Here are a few general ways people like to see the world:
Visiting natural wonders (large and small, well known and reclusive) are a bona fide way to see the world. You will see the most spectacular landscapes, ocean views, desert dunes, and natural anomalies.
In speaking with a fellow traveler in Hawaii recently, I asked when she went around the island if she visited a certain market (reputed to be the best on the island). She scoffed at me and said “A market is a market. I wanted to see what nature has to offer.”
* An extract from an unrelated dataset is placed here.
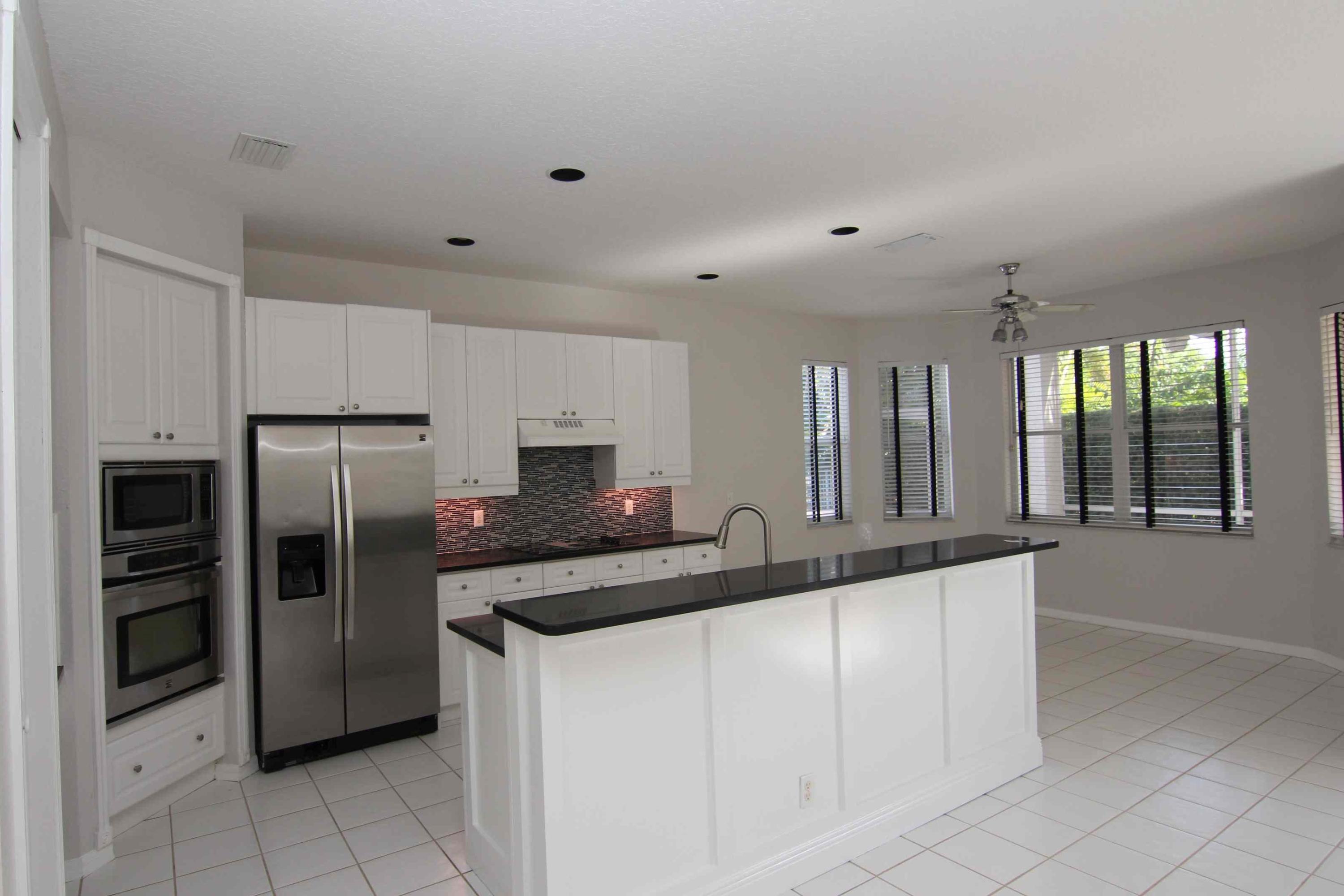 18540 Ocean Mist Drive Boca Raton, FL 33498 - Photo 4 of 37 a kitchen with granite countertop a refrigerator and a sink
Another well-traveled friend replied with “Meh. You can only take pictures of so many beautiful sunsets before you realize there’s more to the world.”
Also fair enough.
Visiting markets will clue you in to a whole way of life. Markets around the world give you an indication of the economy, culture, diet, and resources of your destination. Every market is different around the world, from the products and produce offered, to the way of bargaining for and purchasing the goods. Although you can find markets that are riddled with tourists, more often than not they are there for the locals. If you want to see what the locals see and do as they do, visiting markets around the world is a great way to do so.
Language immersion trips are increasingly common. They often involve staying in the home of a local family, in addition to taking lessons for a few hours each day. In so doing, you can learn a whole lot about how the locals live, taking a step away from the norm, and diving right into a place and learning to “swim” (or rather, speak) with the locals.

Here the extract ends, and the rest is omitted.